Supplied records below:

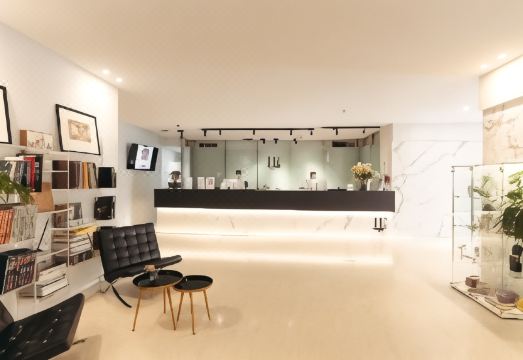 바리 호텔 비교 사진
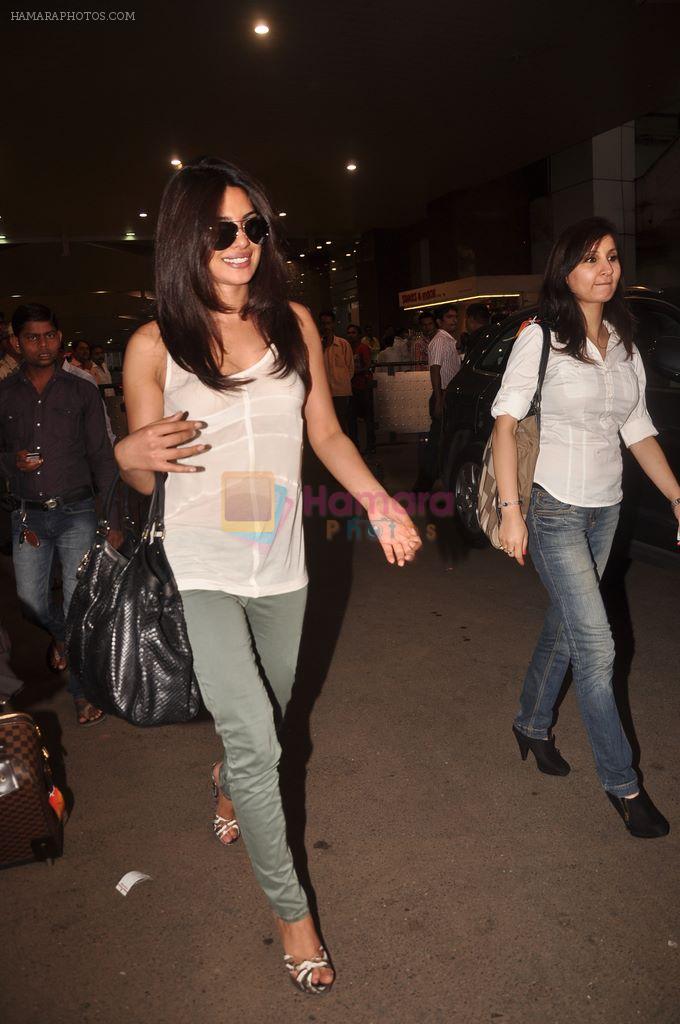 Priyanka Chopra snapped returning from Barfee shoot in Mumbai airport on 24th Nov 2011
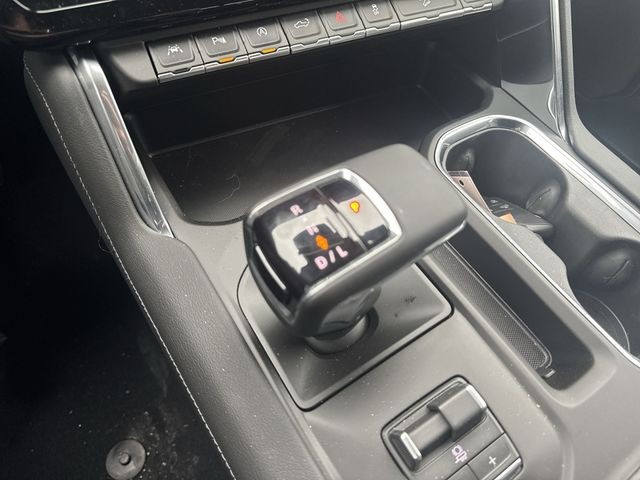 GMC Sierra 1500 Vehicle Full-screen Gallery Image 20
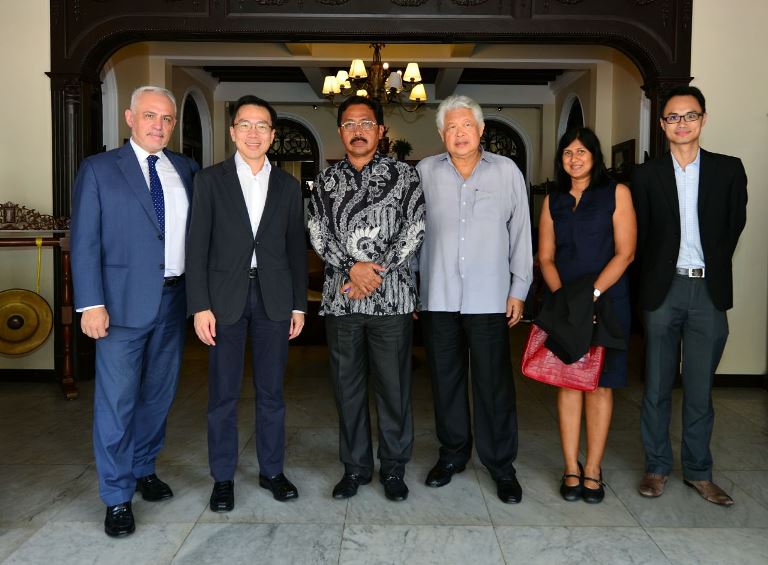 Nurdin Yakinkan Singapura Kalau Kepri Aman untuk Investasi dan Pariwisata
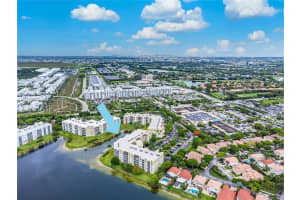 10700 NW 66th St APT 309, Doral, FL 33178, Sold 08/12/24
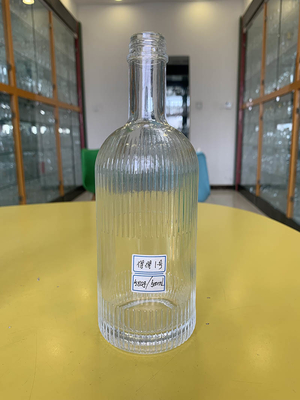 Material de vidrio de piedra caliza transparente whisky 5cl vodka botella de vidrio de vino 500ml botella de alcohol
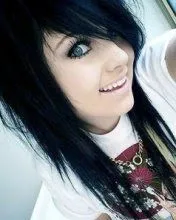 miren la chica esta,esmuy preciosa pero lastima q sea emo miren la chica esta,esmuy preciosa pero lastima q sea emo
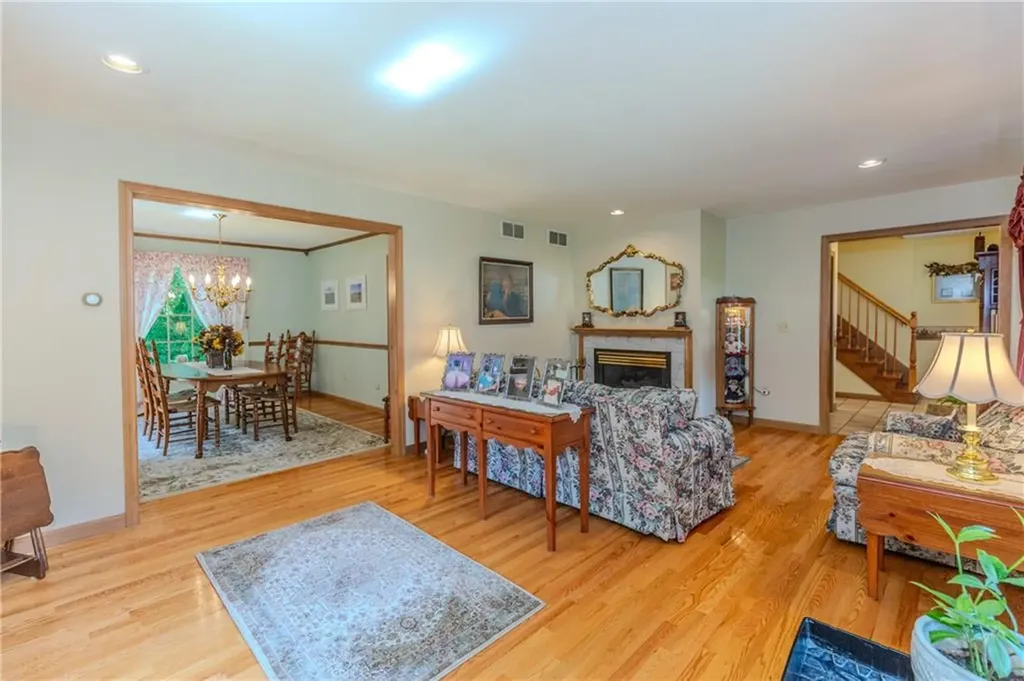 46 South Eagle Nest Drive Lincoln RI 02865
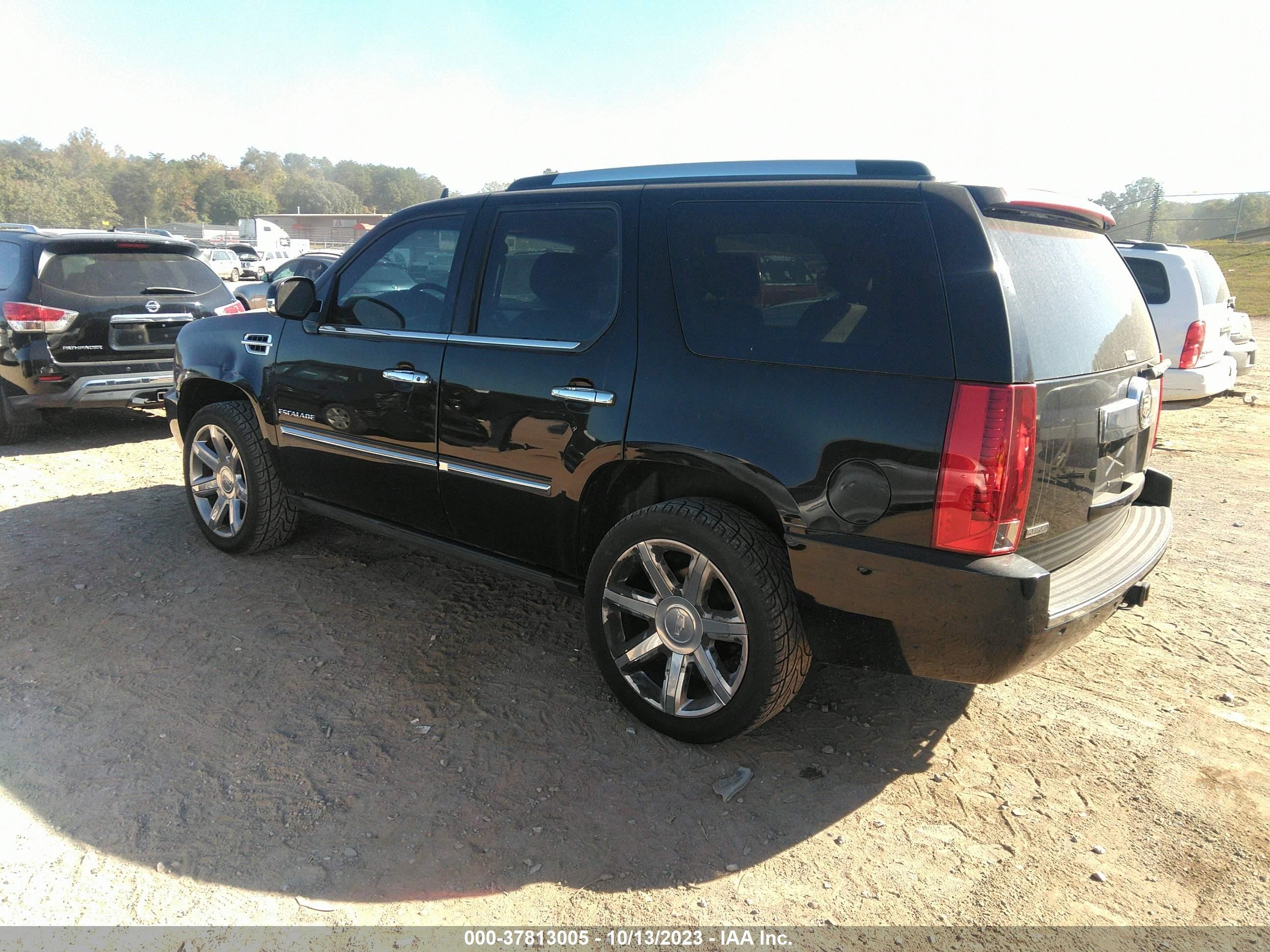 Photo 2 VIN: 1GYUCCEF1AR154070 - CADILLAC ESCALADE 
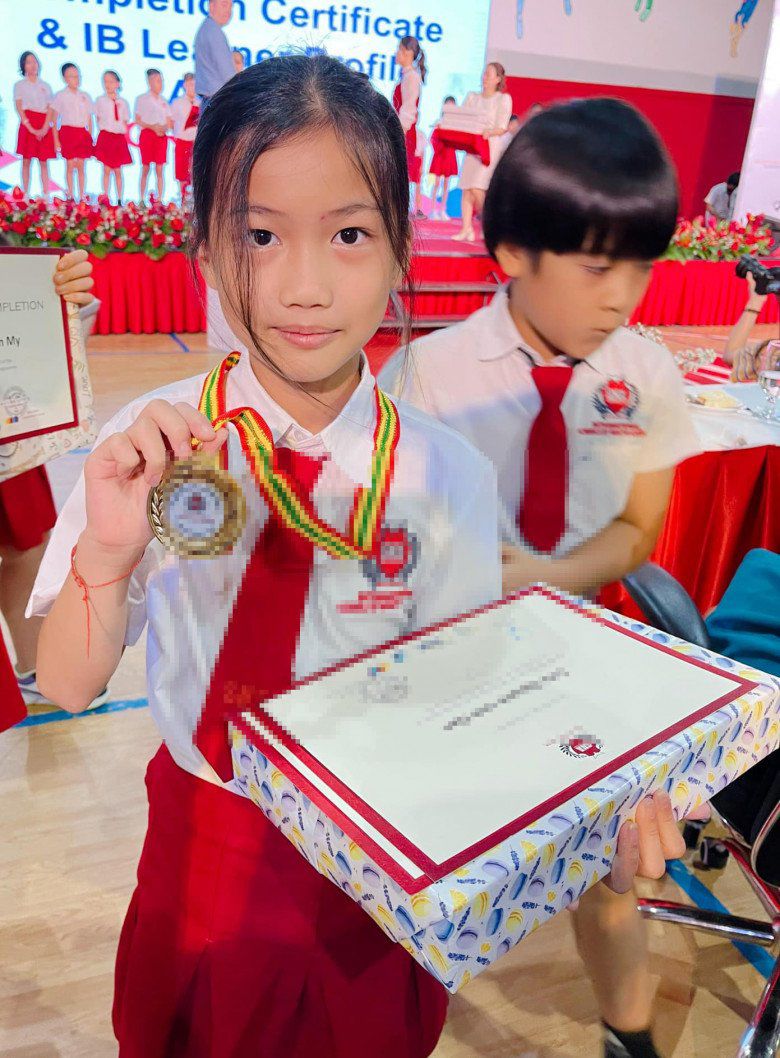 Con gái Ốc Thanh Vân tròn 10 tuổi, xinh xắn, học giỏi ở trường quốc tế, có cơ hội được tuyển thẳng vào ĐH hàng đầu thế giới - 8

End of Supplied records.

• [Aim of the exercise] Could you transcribe exactly the lines from the line containing "GMC Sierra 1500" through the final line of the records, both included, and nothing beyond them? The pictures should be left out.

• [Answer section]
 GMC Sierra 1500 Vehicle Full-screen Gallery Image 20
 Nurdin Yakinkan Singapura Kalau Kepri Aman untuk Investasi dan Pariwisata
 10700 NW 66th St APT 309, Doral, FL 33178, Sold 08/12/24
 Material de vidrio de piedra caliza transparente whisky 5cl vodka botella de vidrio de vino 500ml botella de alcohol
 miren la chica esta,esmuy preciosa pero lastima q sea emo miren la chica esta,esmuy preciosa pero lastima q sea emo
 46 South Eagle Nest Drive Lincoln RI 02865
 Photo 2 VIN: 1GYUCCEF1AR154070 - CADILLAC ESCALADE 
 Con gái Ốc Thanh Vân tròn 10 tuổi, xinh xắn, học giỏi ở trường quốc tế, có cơ hội được tuyển thẳng vào ĐH hàng đầu thế giới - 8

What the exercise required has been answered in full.